Programming | Blog: timdream

East Asian Input Methods are not hard to understand, but for English speakers, we can do better than a general explanation on Wikipedia with a concrete example. This post is me attempting to do that for English audiences.

It is written for my own amusement, but I hope you would like it. My recommendation is to read it once without tapping on footnotes and skim through it again with footnotes.

Spoken languages are humans conveying ideas by making sounds. A human can only make a limited number of sounds, due to anatomy. Not every sound humans can make is used for a given spoken language.

There are around 44 sounds in spoken English. Linguists call them phonemes. English is usually written in Latin alphabets. There are 26 alphabets. To represent 44 sounds, combinations of alphabets are utilized. Linguists call these alphabet combinations graphemes. Each English phoneme is being represented by many graphemes (too many for some, without a spelling reform). Humans are taught to pick the right grapheme combinations to write down the exact words they intend to speak. It’s called spelling.

Now, imagine there is a language¹ written using a different script. Instead of Latin alphabets, it would traditionally be written with graphemes composed of distinct shapes of drawings². Linguists call these shapes monograms. This particular imagery script comes with tens of thousands of these monograms, with the same relationship with the phonemes of the imagery language like English — just as humans are taught to spell English words correctly, they are taught to pick the right monogram combinations to write down the exact words they intend to speak.

Most humans were born with ten fingers. Modern computer keyboards come with around 78 keys, designed for the ten fingers to operate. This is enough for Latin alphabets given that there are only 26 of them, but far from enough for the monograms of the imagery language. Something would have to be done with that.

Thankfully, as a human language, the number of sounds of the imagery language would still be within a manageable magnitude. Before the introduction of modern computers, local linguists would have already identified these phonemes. They would have gone afar and invented a set of symbols for these sounds. These symbols — phonetic symbols, they called — would “spell” a phoneme with just one to four symbols³. Unlike English, since the symbols were constructed and not naturally developed, each symbol combination would only represent one phoneme, and each phoneme would only be written by one symbol combination, systematically.

Aside: other linguists disagree and used Latin alphabets to “spell” the phonemes of the same language⁴. The principle is the same, though.

Aside: Local linguists of another imagery language picked a different route and decided to invent symbols to directly represent each sound.

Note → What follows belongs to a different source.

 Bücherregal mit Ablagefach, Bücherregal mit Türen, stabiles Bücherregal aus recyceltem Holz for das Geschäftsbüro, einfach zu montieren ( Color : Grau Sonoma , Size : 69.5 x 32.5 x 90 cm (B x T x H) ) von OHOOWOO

It’s “less” systematic, but it gets the job done too⁵.

Since the number of symbols is limited, they could then be arranged on a modern computer keyboard. Computers would then be loaded with a program⁶ that allows humans to pick the right monogram for each symbol combination, as they type.

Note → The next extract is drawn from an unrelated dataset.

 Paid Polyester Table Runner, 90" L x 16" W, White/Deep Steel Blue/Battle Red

Aside: For spelling the language with Latin alphabets, it is even easier — you don’t even have to arrange a different set of symbols on the keyboard.

When computers were dumb with limited capacity, these programs would only be implemented with a simple mapping table, mapping symbol combinations to monograms. This would be quite cumbersome, because words that people type are often the same monogram combinations, and humans really hate to repeat themselves.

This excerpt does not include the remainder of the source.